## Problem statement
Leave the pictures out. Retype exactly the lines below from the one containing "Hi, I'm going" through the one containing "If we go back", and no others.

## Information given
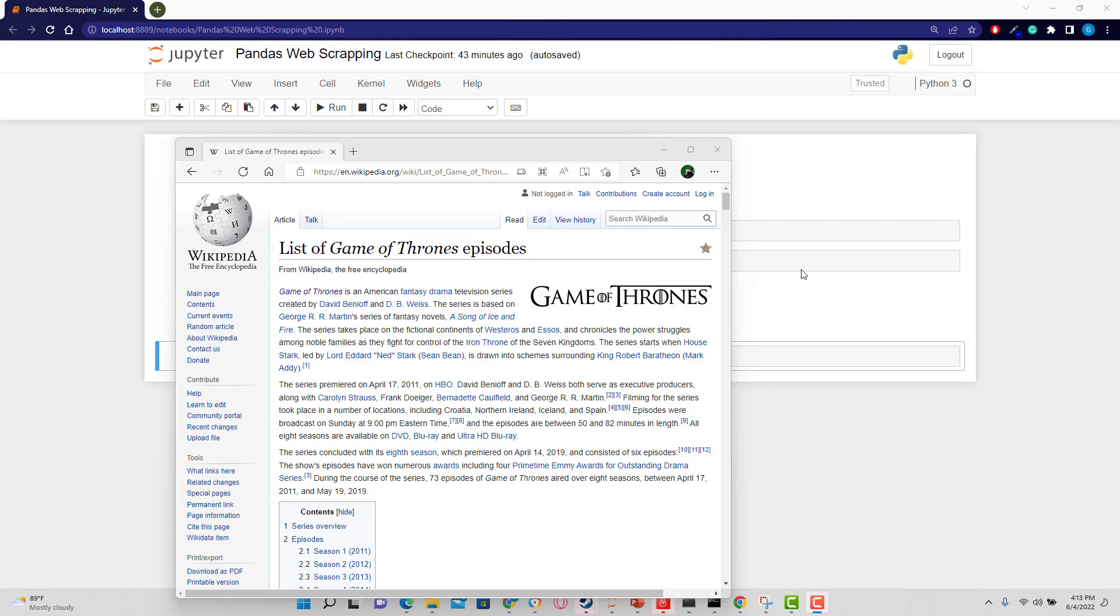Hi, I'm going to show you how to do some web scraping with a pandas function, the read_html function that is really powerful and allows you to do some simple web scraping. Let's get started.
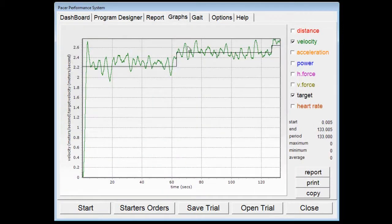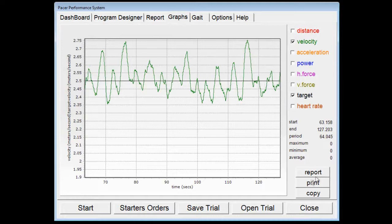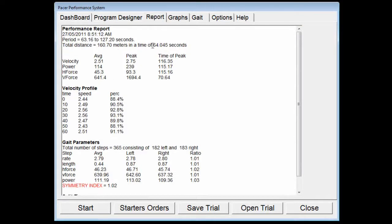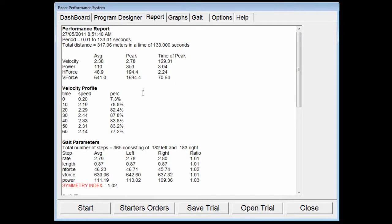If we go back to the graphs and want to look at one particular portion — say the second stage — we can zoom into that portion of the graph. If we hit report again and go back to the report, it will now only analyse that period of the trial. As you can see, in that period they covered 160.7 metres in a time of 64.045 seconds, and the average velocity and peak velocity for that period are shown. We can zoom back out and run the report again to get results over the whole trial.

--

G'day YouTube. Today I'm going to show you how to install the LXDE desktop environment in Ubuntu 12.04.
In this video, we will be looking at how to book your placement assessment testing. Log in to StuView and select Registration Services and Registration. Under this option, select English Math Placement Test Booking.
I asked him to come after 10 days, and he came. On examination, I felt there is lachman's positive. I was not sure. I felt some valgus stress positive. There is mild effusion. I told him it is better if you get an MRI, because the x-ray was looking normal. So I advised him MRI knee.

## Your response
Hi, I'm going to show you how to do some web scraping with a pandas function, the read_html function that is really powerful and allows you to do some simple web scraping. Let's get started.
If we go back to the graphs and want to look at one particular portion — say the second stage — we can zoom into that portion of the graph. If we hit report again and go back to the report, it will now only analyse that period of the trial. As you can see, in that period they covered 160.7 metres in a time of 64.045 seconds, and the average velocity and peak velocity for that period are shown. We can zoom back out and run the report again to get results over the whole trial.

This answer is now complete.